1.- la negativa absoluta a conceder al hombre cualquier capacidad de arbitrio libre y responsable. La Modernidad tiende naturalmente al inmanentismo o, cuando menos, al deísmo, y por tanto imagina al hombre como mero objeto, inevitablemente sometido a la acción de ciegas fuerzas que le predeterminan, llámense "predestinación" -como querían los heresiarcas de la Reforma-, llámense Fatum -como quieren los ilustrados-, llámense "azar", como pretende un sector de la presunta "posmodernidad", postulador del caos: si nada es previsible, entonces tampoco nos es dado ser dueños de nuestras acciones, pues nada de lo que hagamos o dejemos de hacer afectará nunca en modo alguno a nuestro futuro.

2.- un relativismo igualmente absoluto en todos los órdenes de la vida. De hecho, la Modernidad se ha erigido en el verdadero "paraíso del subjetivismo". Y no se alegue contra esto la supuesta "universalidad" de la moral kantiana: toda ética autónoma, por "universal" que se quiera, concluye inevitablemente en una desobjetivación del Bien y de la Verdad, que quedan desprovistos de toda trascendencia desde el momento en que se reducen a ser una mera proyección de las necesidades o de los anhelos humanos de cada momento histórico, sin querer entender que la Verdad se define también, y sobre todo, por su prolongación universal hacia lo eterno. Por eso la moral de la Modernidad sólo puede ser "universal" sincrónicamente; nunca diacrónicamente. Lo que para la Modernidad es "universalmente válido" hoy, puede sin embargo no serlo mañana con sólo cambiar el viento de la Historia, pues es la puesta en práctica de las fuerzas intrínsecas del egoísmo humano, teóricamente benéficas, lo que, en última instancia, decide el "universo" moral. De ahí la tendencia del Sistema a absolutizar hasta la hipertrofia la Voluntad humana de cada generación y de cada momento histórico ("la razón", en su versión ilustrada; "el instinto", en versión posmoderna), y a establecer, consecuentemente, parámetros éticos autónomos de todo Magisterio o Tradición diacrónica y no convencional, negando cualquier sujeción a dictados o revelaciones de carácter trascendente.

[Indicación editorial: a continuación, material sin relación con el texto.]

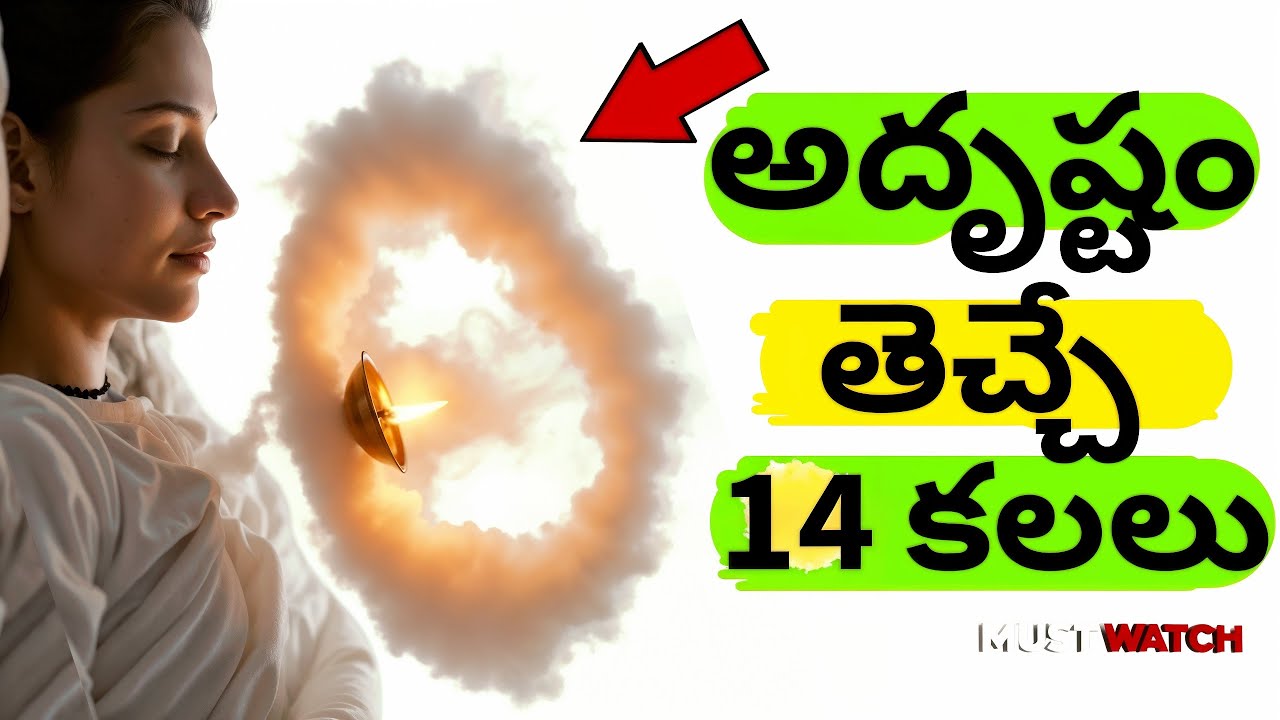 స్వప్న శాస్త్రం ప్రకారం మీరు త్వరలో ఆర్థికంగా బలపడతారని లేదా మీకు అదృష్టం వరిస్తుందని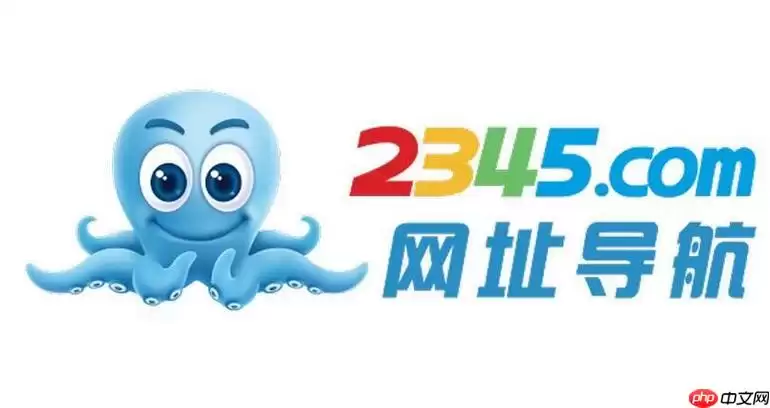 2345�����������ôȫ�����_2345���������ȫ��ģʽ�����������򵥡�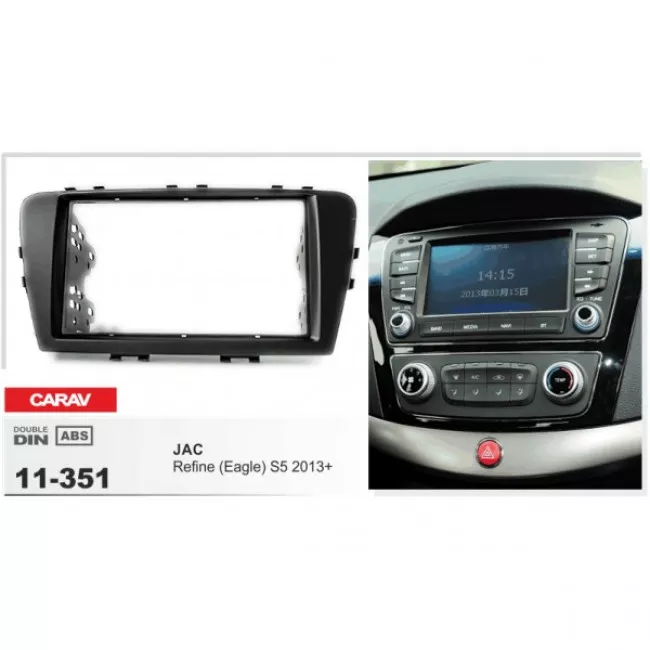 CARAV 11-351 Перехідна рамка JAC Refine S5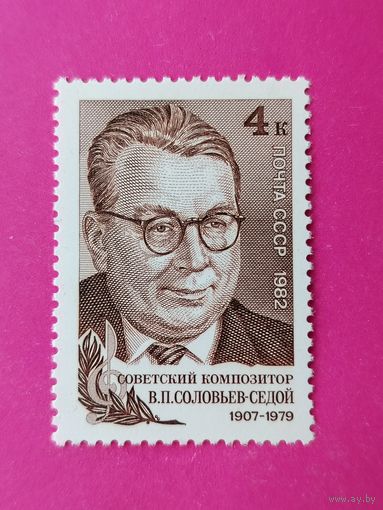 СССР. 75 лет со дня рождения В. П. Соловьева - Седого (1907 - 1979). ( 1 марка ) 1982 года. 7-7.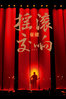 摇滚交响音乐会 (rock symphony live concert)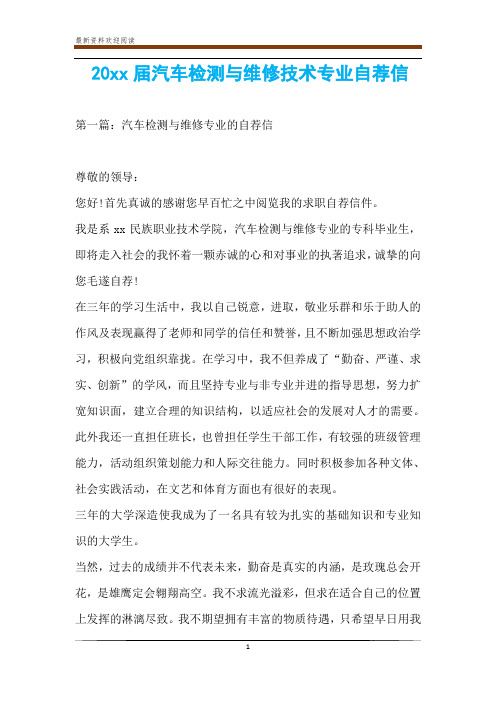 20xx届汽车检测与维修技术专业自荐信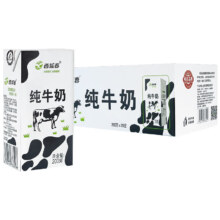 plus会员：西域春 新疆原产利乐砖全脂纯牛奶200g*20盒整箱
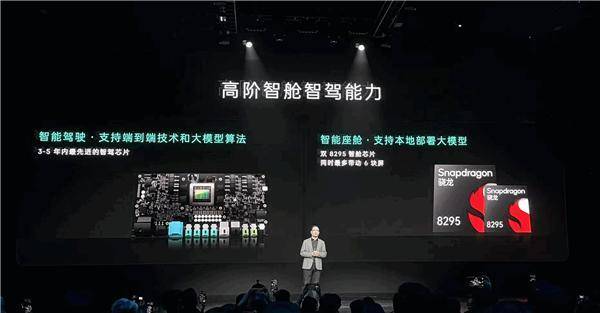 領克900旗艦SUV震撼登場:六座布局,2.0T+三電機,性能如何?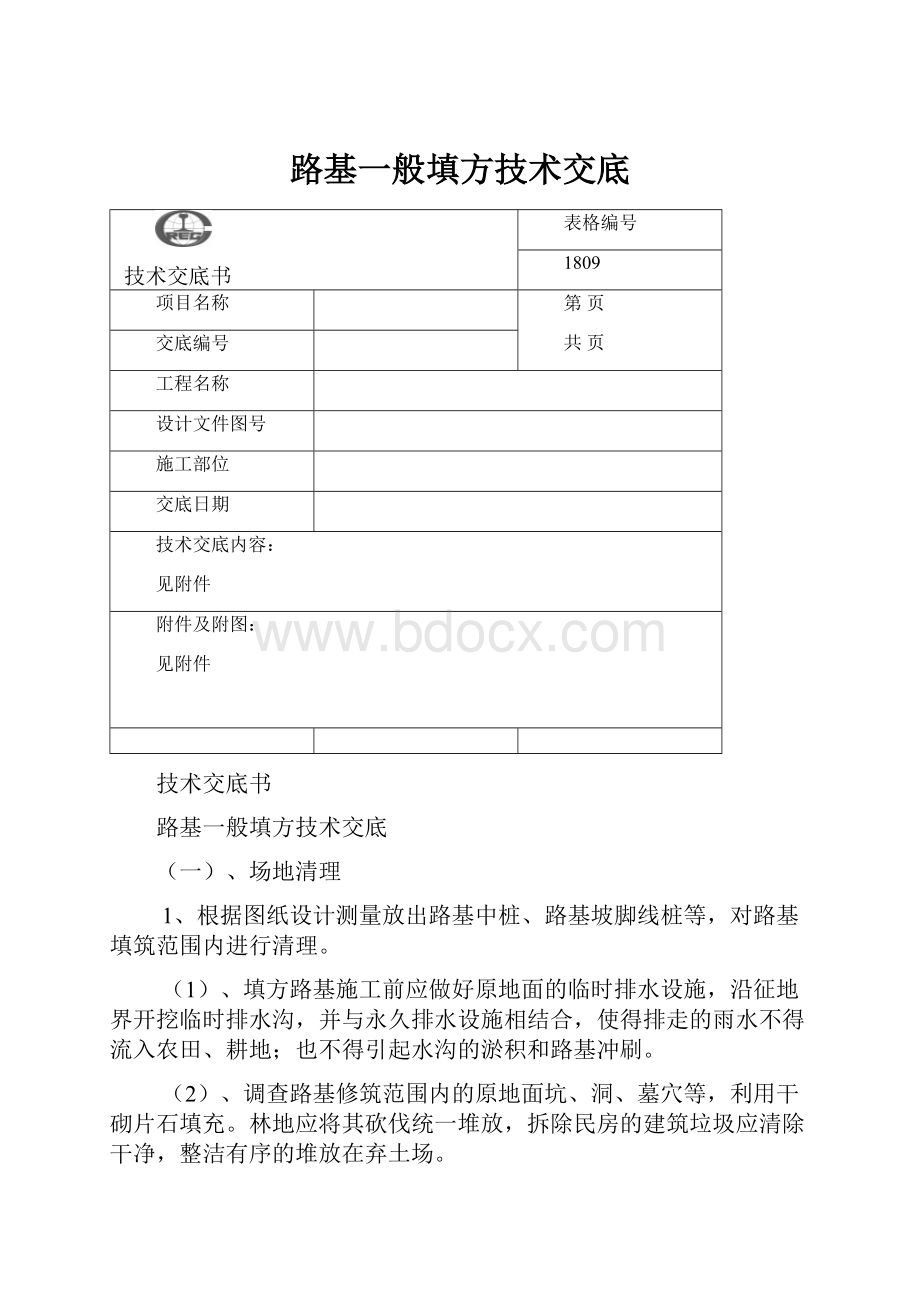 路基一般填方技术交底.docx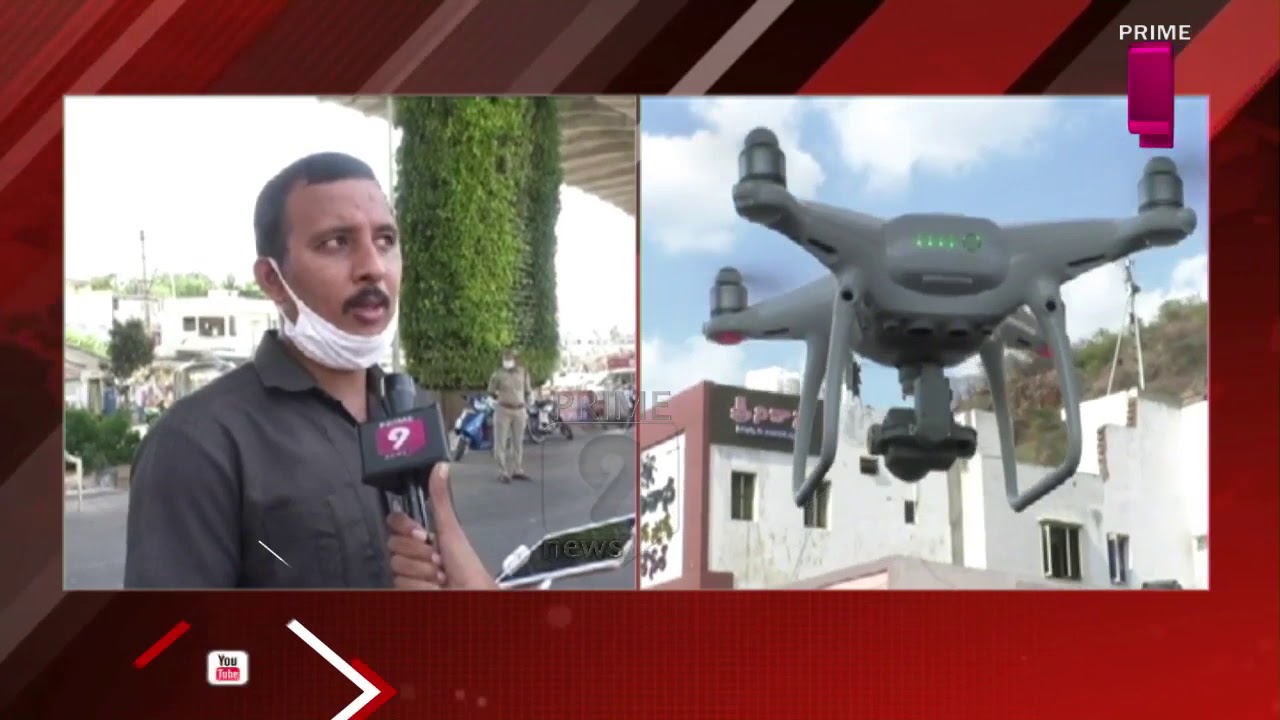 AP Lockdown Updates : Vijayawada Police Deploy Drones To Enforce Lockdown | Prime9 News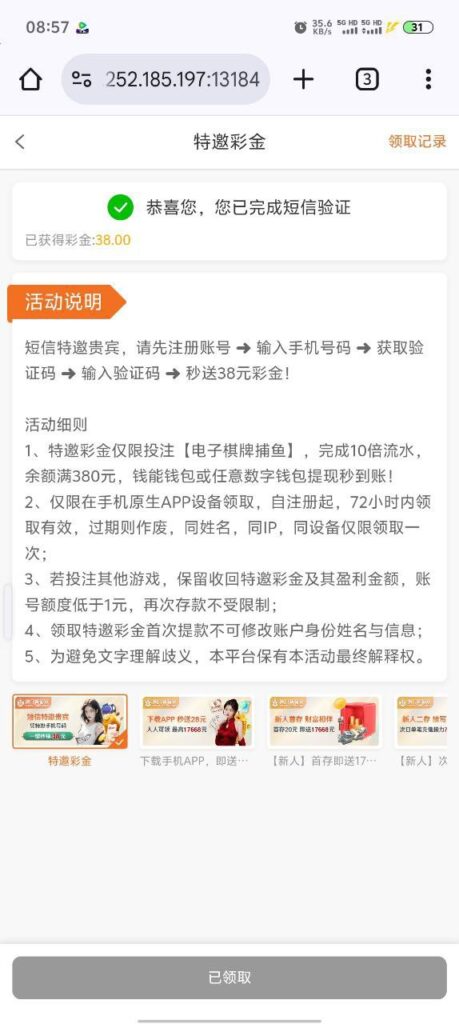 澳门新葡京7668 注册送38彩金-足球赛事-足球赛程-足球比分直播网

Relativismo, pues, y determinismo: un verdadero "romanticismo", en suma, gnóstico, hasta paganizante, frente a la "Universitas Christiana", que es el Sistema que le precedió entre los siglos III y XVI, y que venía definido precisamente por la fe en la existencia de un universo de valores objetivos, en la libertad intrínseca y responsable del ser humano y en la conjunción, efectivamente -en eso coincidimos con nuestros amigos los "reformistas"-, del clasicismo grecolatino y el sentido cristiano del Universo.

Desde luego, el resultado último de aquellos presupuestos que alumbran la Modernidad es notablemente menos teórico, más cotidiano, y se materializa en tres fenómenos bien conocidos:

1.- un individualismo esencial e irreductible que quiere ver al hombre como una isla inconexa en un mar habitado por millones de otras islas inconexas, sólo relacionadas por un vago sentimiento de "Humanidad" y, por ello, necesariamente, rigurosamente iguales entre sí.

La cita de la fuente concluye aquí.